:: What to produce ::
Everything from the line holding "Renault Captur (2026) thumbnail 1" through the last line of the data, and nothing else, should be retyped exactly, with no pictures.

:: Dataset excerpt ::
☆ ☆ ☆
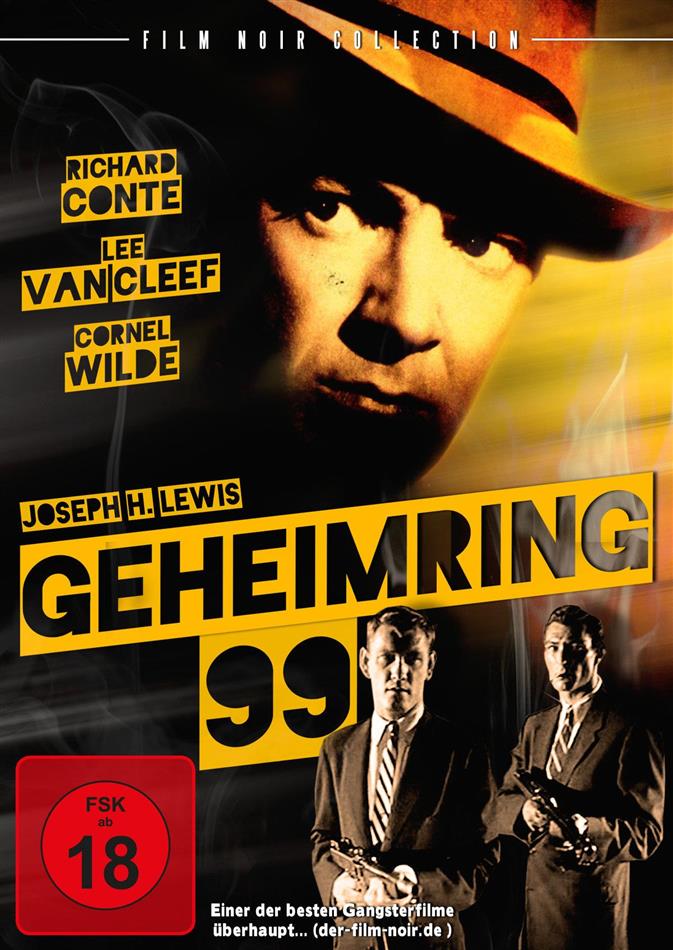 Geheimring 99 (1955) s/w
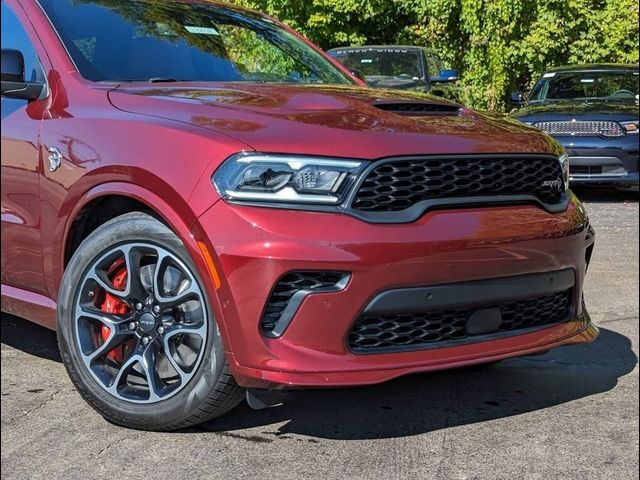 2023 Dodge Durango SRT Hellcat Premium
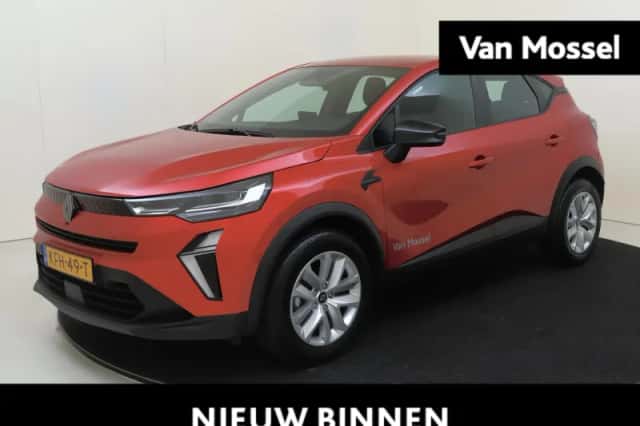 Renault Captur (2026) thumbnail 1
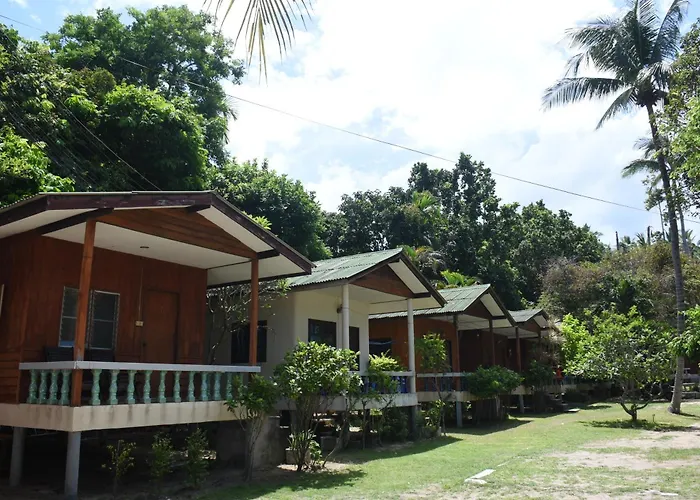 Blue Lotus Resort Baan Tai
☆ ☆ ☆
:: Answer section ::
 Renault Captur (2026) thumbnail 1
 Blue Lotus Resort Baan Tai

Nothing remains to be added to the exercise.